By contrast, another series — Farnsworth + Miller — also shot in 2018, takes on entirely different expressions. Depicting two of the world’s most iconic mid-century houses, Farnsworth House by Mies van der Rohe and Miller House by Eero Saarinen, Derek’s photographs transport the viewer into the frame, capturing interior vignettes which are akin to film stills, or panned back exterior shots from circling trees which lend a sense of voyeurism. Farnsworth House is distinguished by the intense greens of its botanical landscape and ambient interior lighting while Miller House is ever so slightly sepia toned, giving the impression of the browns, beiges and burnt ochres that dominated mid-century style trends.
Outdistance, a series shot in Milan, is testimony to Derek’s ability to remain agile in his craft, allowing place and subject to tangle with instinct producing images that, rather than holding the viewer outside the story, draw them in to large format frames which contain scenes that feel similar to stepping off of a bus or train or out of a hotel foyer into the foreign cultural milieu of an unfamiliar environment. Italy’s historical fabric is expressed in patinated blush tones; eras are proclaimed in the brutalist composition of each building’s architecture; time is evident in the march of landscape and mildew. Each photograph sinking into its likeness with reality, controlled by Derek through his choice to shoot in particular conditions (at dusk, in the late morning, at night, during full sun, etc.) to orchestrate a photograph that is palpably present.
For many creatives, dedication to craft is translated as a commitment to a certain look or technique. For Derek, dedication is found in his approach which time and again produces original work, separate from what has preceded it. Each location shaping images that generate their own unique treatments, teasing colours and contrasts from the camera that are in sync with those in the real world.
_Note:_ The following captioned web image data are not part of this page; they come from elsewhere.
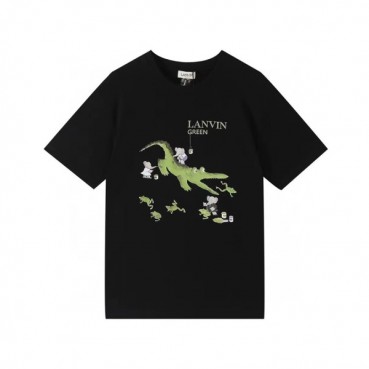 랑방 남성 이니셜 블랙 반팔티 - Mens Black Tshirts 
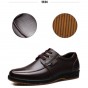 2018 New Men's Genuine Leather Shoes Soft for father Brand Black Shoes Anti-slip Older Man Leather Shoes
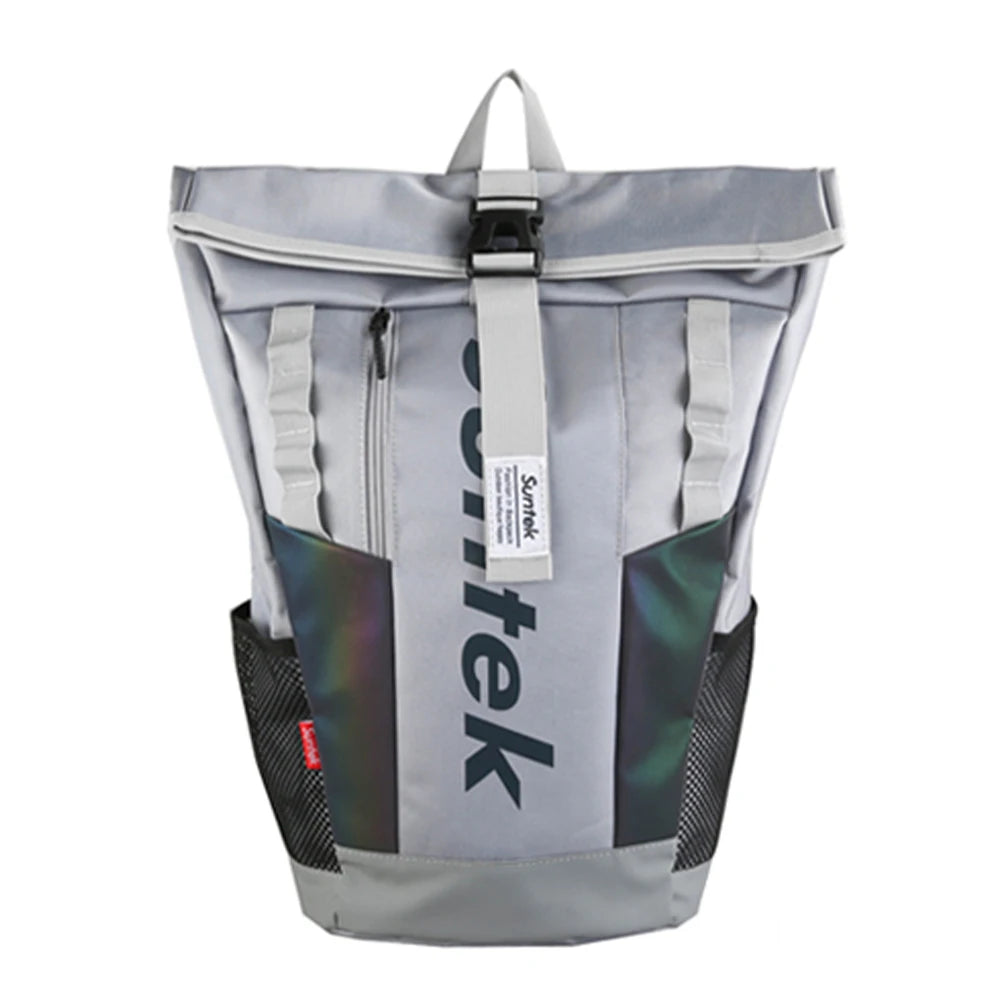 SYZM Large Capacity Travel Backpack Waterproof Nylon Couple Backpack Laser Reflective Strip Laptop Bag Teen Male School Bag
Derek’s travels and experience have naturally affected the way he views Australian architecture, allowing his work to emphasise those qualities that are unique to our use of materials, colours, orientation and programming. The particular blue of the Australian sky is almost always present, acting as a compass point and rationalising the subject matter in a way that deepens the experience of an image. His work with Kennedy Nolan, particularly some recent images of Always House, perfectly articulate Derek’s capacity to take a built environment and produce a suite of photographs that clarify each and every architectural intent. It is this that sets him apart, leading to images that are photographic documentations of both design and culture.